May 2021

‘Dangerous’ stalker who targeted woman in her 30s fails to get jail term cut

A stalker from Suffolk has failed in a bid to have his sentence shortened.

Simon Bourdon was jailed for six years at Ipswich Crown Court in March last year – with an extended licence period – for the most persistent case of harassment one police officer had dealt with.

Bourdon, of Main Road, Woolverstone, was charged in November 2019 with stalking a woman in her 30s, six counts of breaching a restraining order and three counts of disclosing private images without consent.

In December 2019, he pleaded guilty to stalking, four counts of breaching the order and one count of disclosing private images.

The court heard how Bourdon had repeatedly contacted the woman by phone, post, email and on social media; sent her unwanted gifts and applied for a credit card in her name, and caused an unknown man to contact her with a view to meeting her for sex.

He also posted sexual images – taken without her knowledge – on a dating website and an Instagram account.

Bourdon had been made subject to the restraining order after being convicted of harassment against the same woman and sent to prison for eight weeks in February 2019.

He also had previous convictions for harassing a former partner in 2004, 2012 and 2014.

Bourdon, now 59, took his case to the Court of Appeal to complain that he should have received more time off for a guilty plea.

Bourdon had denied all allegations when arrested and interviewed, before resuming the stalking while released under investigation. 

When arrested again in July 2019, he denied all offences and was released, only to keep offending until his third arrest in November 2019.

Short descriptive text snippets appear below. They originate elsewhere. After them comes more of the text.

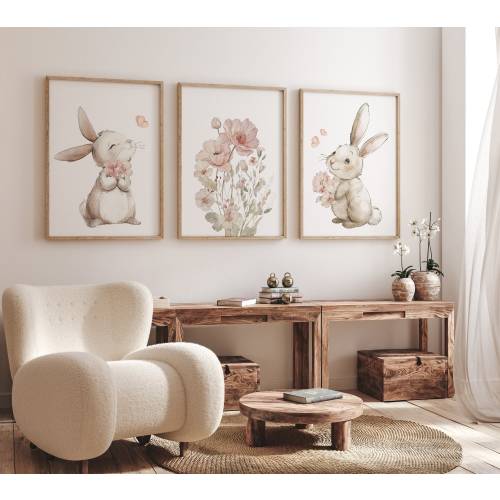 Nursery wall art girl bunnies, bunny nursery print, Bunny Floral Watercolor Prints, bunny nursery decor, Wildflower Nursery, bunny nursery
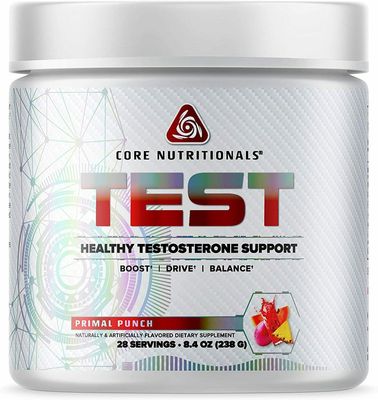 Core Nutritionals Platinum Test, Includes 3.6 Grams Calcium D-Aspartic Acid, Supports Healthy Testosterone Levels 28 Servings (Primal Punch)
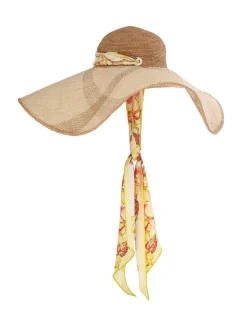 ZIMMERMANN Hats<Straw & Printed Silk Sunhat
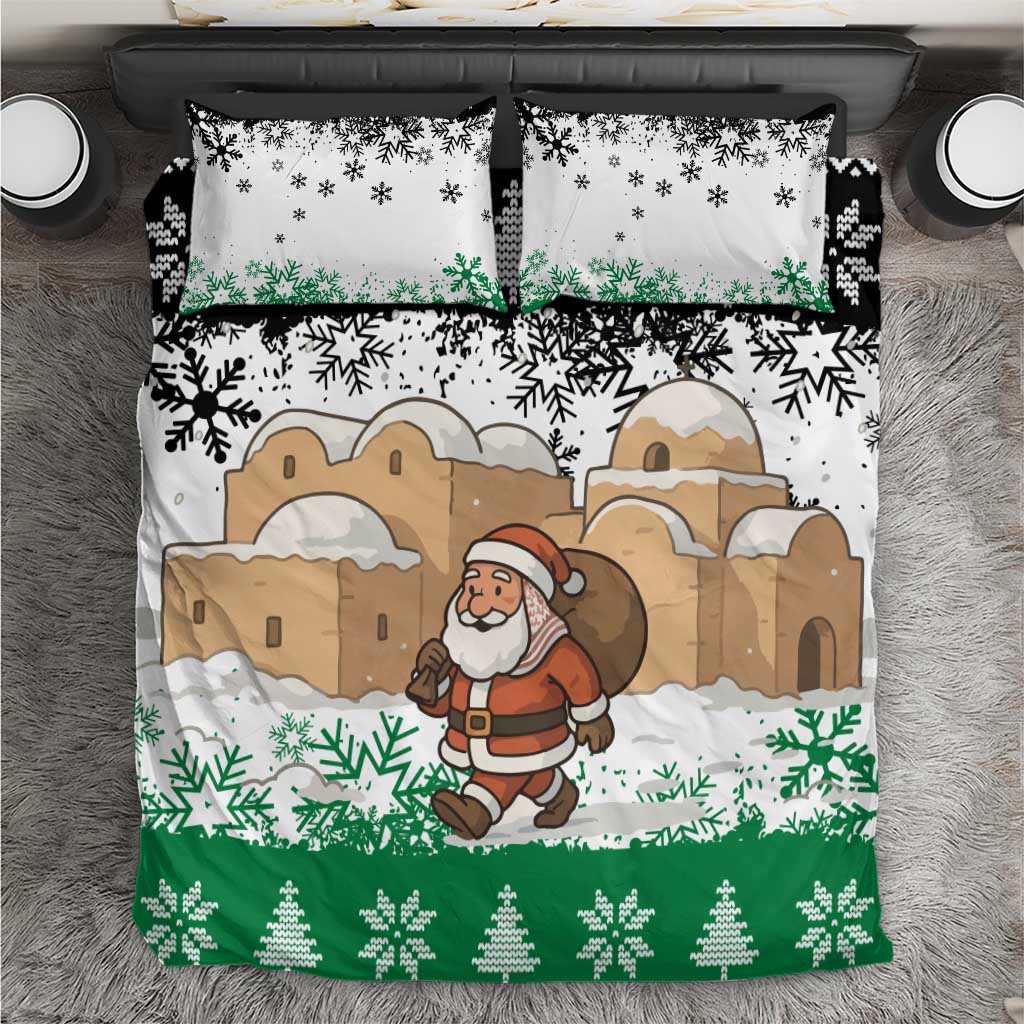 Jordan Christmas Bedding Set with Santa Snow Village Green and Black Snowflake Tree Pattern - Wonder Print Shop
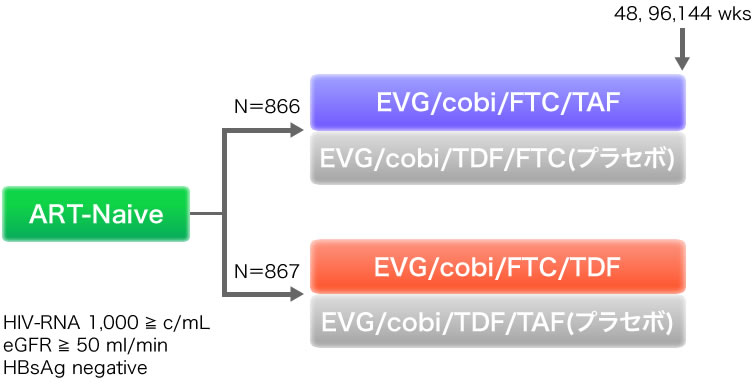 ART-Naive:HIV-RNA 1,000 ≧ c/mL, eGFR ≧ 50 ml/min, HBsAg negative. N＝866:EVG/cobi/FTC/TAF
, EVG/cobi/TDF/FTC(プラセボ). N＝867:EVG/cobi/FTC/TDF, EVG/cobi/TDF/TAF(プラセボ). 48, 96,144 wks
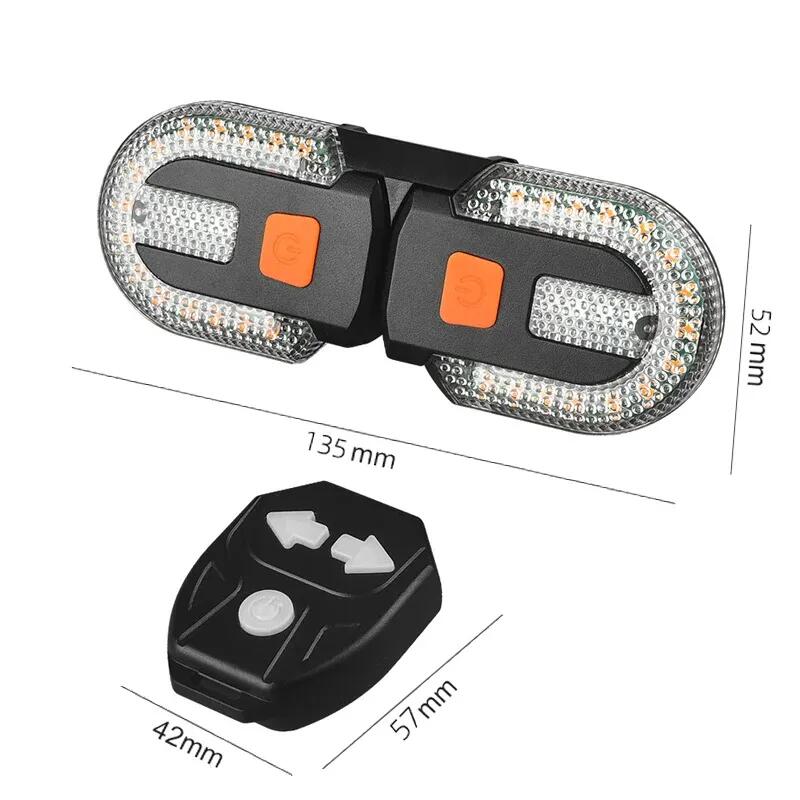 Luce posteriore bici LED con frecce wireless telecomando USB-C 4/4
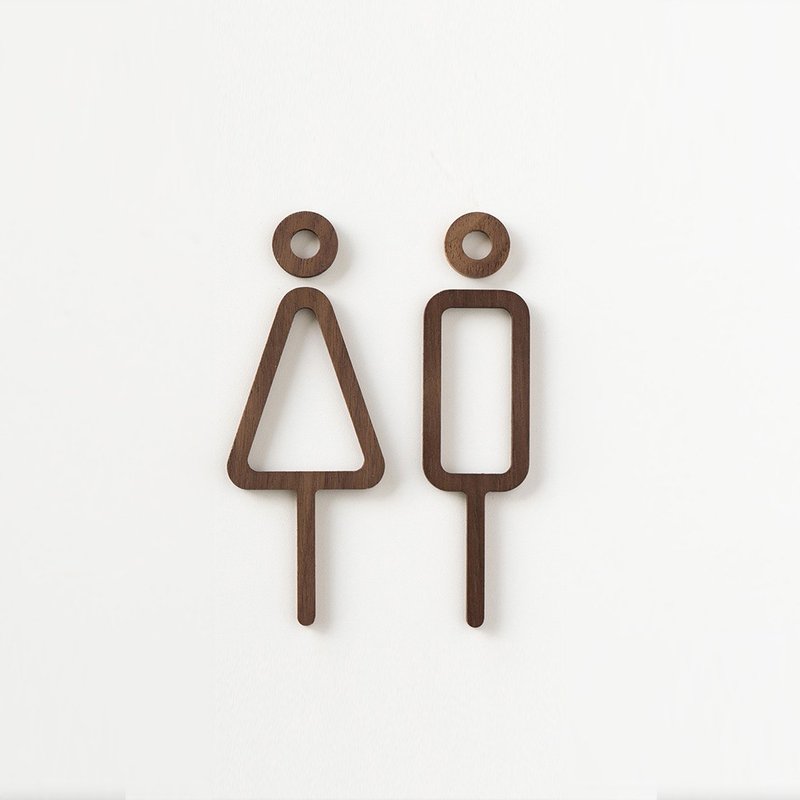MOHEIM RESTROOM SIGN 男女標示 胡桃木 - 其他 - 木頭 咖啡色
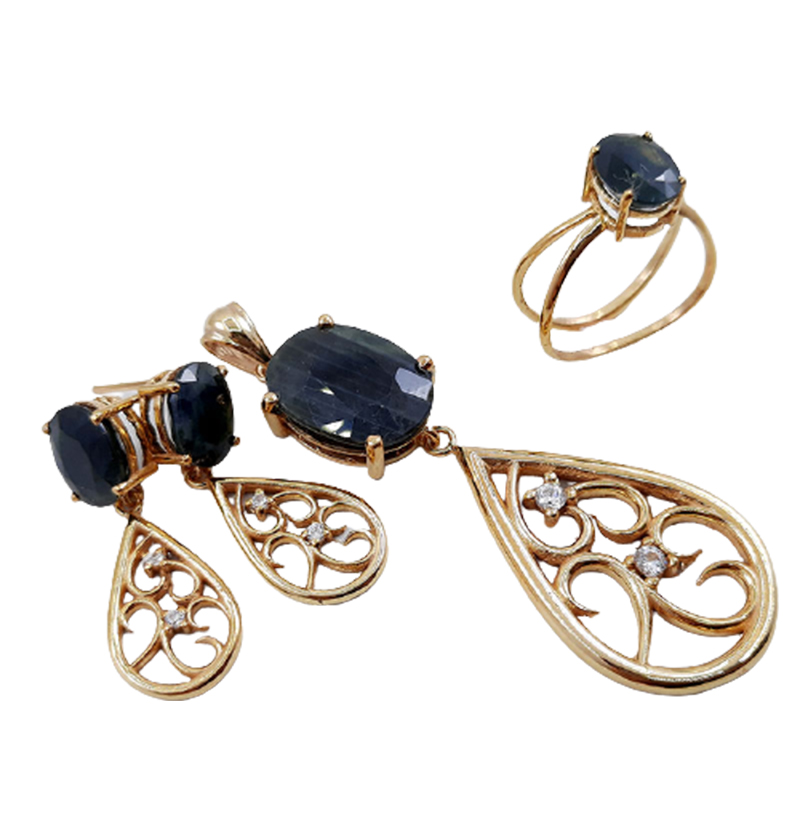 نیمست طلای زرد مدل آویز اشک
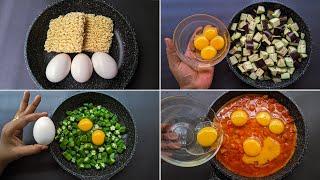 4 Easy and Simple Breakfast Recipe! 10 Minutes Healthy Recipe. Egg Breakfast Ideas.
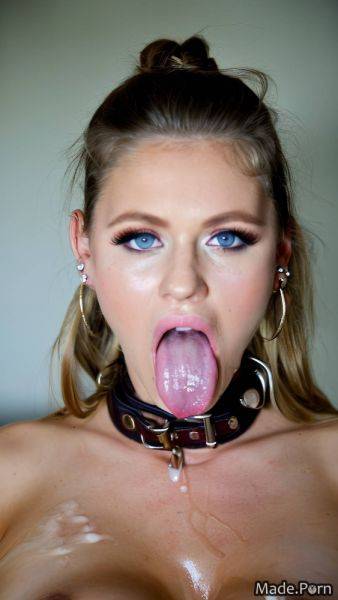 Cumshot 18 woman open mouth cum on tits earrings seductive AI porn - made.porn on pornsimulated.com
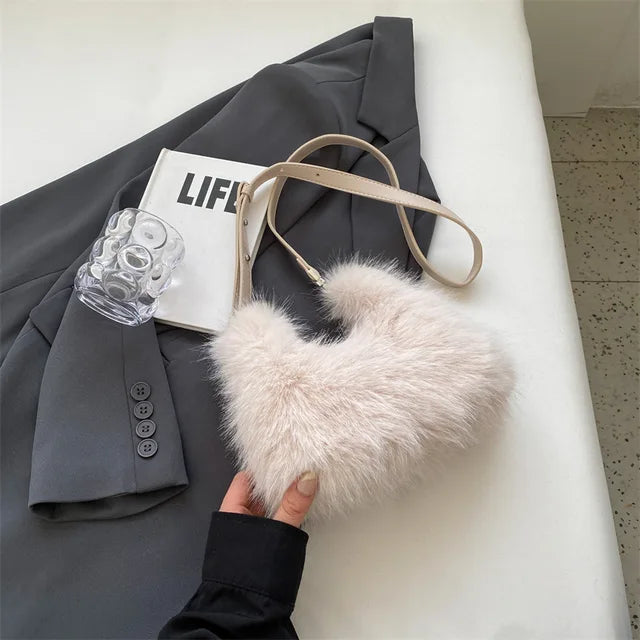 Luxury Designer  Plush Women's Handbag Casual Crossbody Bag Small Cloud Tote Winter New Trend eprolo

At his first appearance before magistrates, he indicated pleas of not guilty or gave no indication of plea. 

Bourdon pleaded guilty to the six charges at Ipswich Crown Court and was jailed by Judge David Pugh, who allowed 25% credit for the guilty pleas.

Where a guilty plea is indicated at the first stage of proceedings, a reduction of one third should be made, subject to the accused needing further information or advice. After the first stage, the maximum level of reduction is one quarter.

Judge Pugh also determined that Bourdon was a dangerous offender and imposed an extended determinate sentence.

Peter Spary, representing Bourdon at the Court of Appeal, argued that the judge should have reduced the custodial term by 33%, because an intention to plead guilty was advanced at an early stage. 

Mr Spary also challenged the finding of dangerousness, highlighting a post-sentence psychiatric report, which noted ex-serviceman Bourdon’s history of PTSD, anti-depressant treatment and alcohol problems, and that any risk would be significantly reduced with therapy and help for alcohol abuse.

The report also said Bourdon was not a man the court would find dangerous, as defined for sentencing purposes.

The court dismissed the appeal, ruling that Judge Pugh was entitled to make the finding of dangerousness, and that Bourdon’s mental health problems did not reduce his culpability.